By cracking down on these informal and seasonal movements – something that began in the early 1990s with the formation of the EU – Europe turned migration into an all-or-nothing proposition: Once you were in Europe, legally or otherwise, you stayed, because you might not get in again. As a result, Africans now come in, do some agricultural or service work, and then knock around the continent, without opportunities, once they’re done.
That’s the paradox of Europe’s response to the migrant crisis: By making entry tougher, it makes illegal entry more commonplace. “Stricter immigration policies,” Dr. Mbaye says, “might not be effective, because they deter potential legal migrants more than potential illegal migrants.”
And a slow-paced and disunited asylum policy, combined with the lack of legal pathways, means that large numbers of refugee claimants, legitimate and otherwise, spend years moving around Europe, neither deported nor accepted, and afraid to leave. In the process, they are tarnishing the image of immigrants and creating an unnecessary social problem.
“It is the border controls that have forced migrants to take more dangerous routes, and that have made them more and more dependent on smugglers to cross borders,” Hein de Haas notes. “Smuggling is a reaction to border controls rather than a cause of migration in itself. Ironically, further toughening of border controls will therefore force migrants and refugees to take more risks and only increase their reliance on smugglers.”

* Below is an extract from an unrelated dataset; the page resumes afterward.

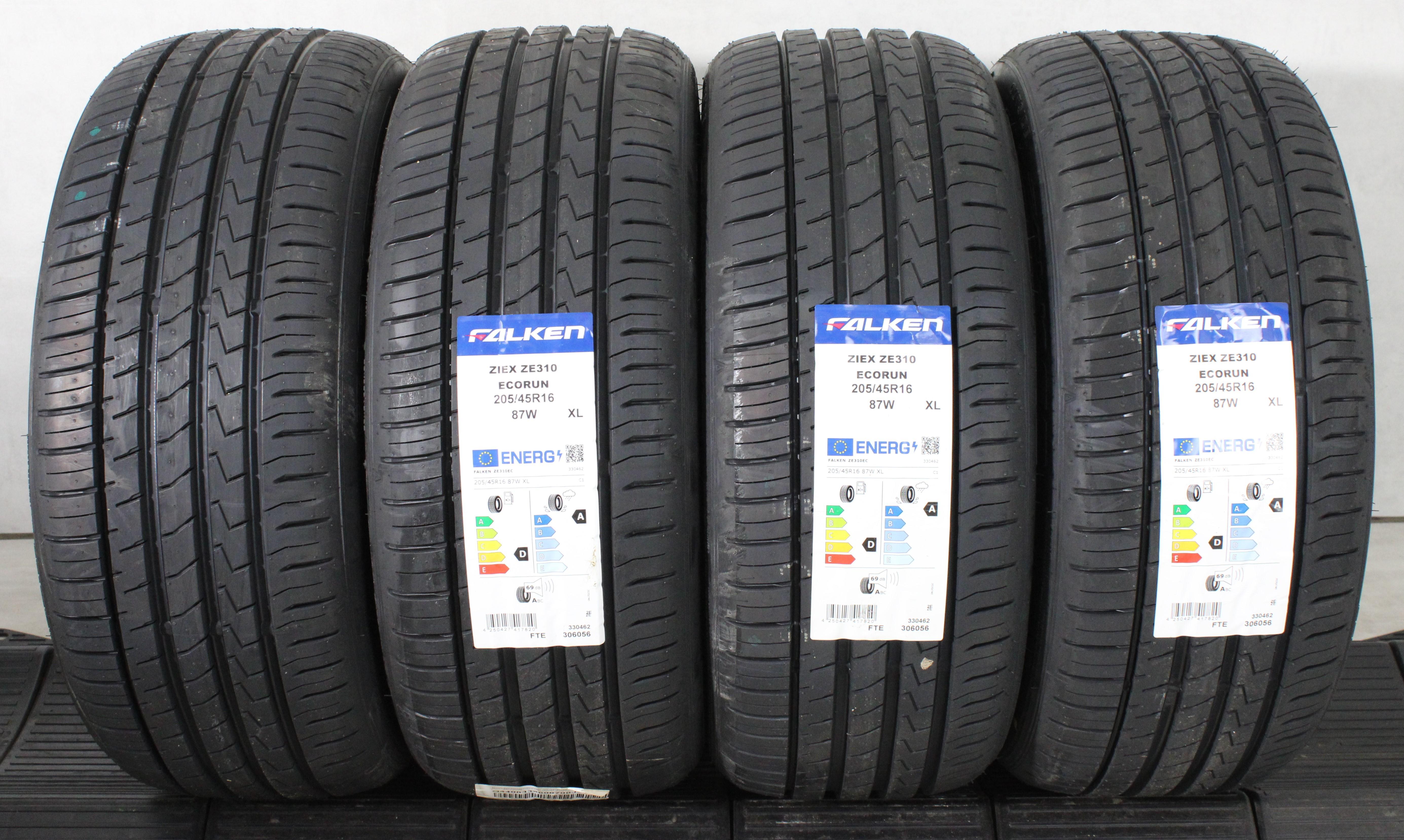 4 neumáticos de verano Falken Ziex ZE310 EcoRun 2022, 205/45R16 87W, NUEVOS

And rigidly closed borders will also make the Syrian refugee problem worse than it needs to be: By turning migration into an all-or-nothing proposition, there’s a risk that a temporary refuge will become a permanent settlement.

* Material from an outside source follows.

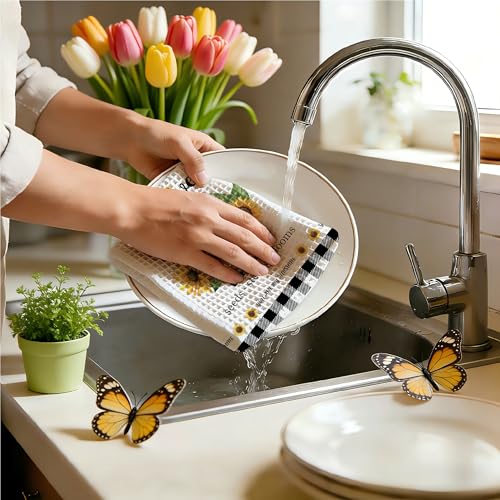 Sunflower Kitchen Towels, Black White Buffalo Plaid Gifts For Women, 09 - color: Yellow Sunflower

The flow of people back and forth between Africa and Europe has been a part of both continents’ economies for decades. Europe’s economies need their African workers, more than ever: Germany alone expects to lose seven million working-age people to demographic change, in a fast-growing economy with virtually no unemployment, in the next 10 years.

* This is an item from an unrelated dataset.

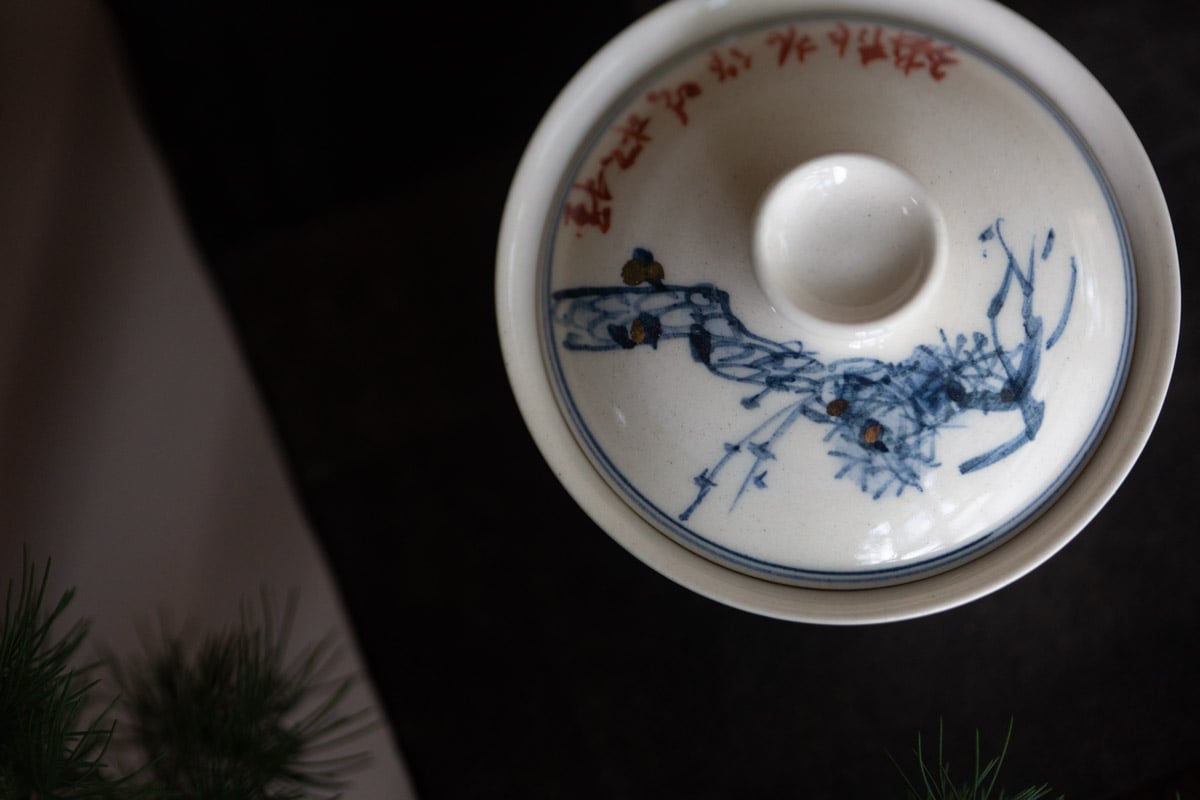 gilded qinghua gaiwan open pomegranate 5 25 2 | BITTERLEAF TEAS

By stopping that flow through ham-fisted measures, Europe’s governments have turned the legal into the illegal, the temporary into the permanent, the routine into the desperate, and a life-improving act into a death-delivering risk. A set of decisions that were bad for both continents’ economies has left thousands of bodies floating in the sea.
Doug Saunders is The Globe and Mail’s international-affairs columnist, and was European bureau chief from 2003 to 2012.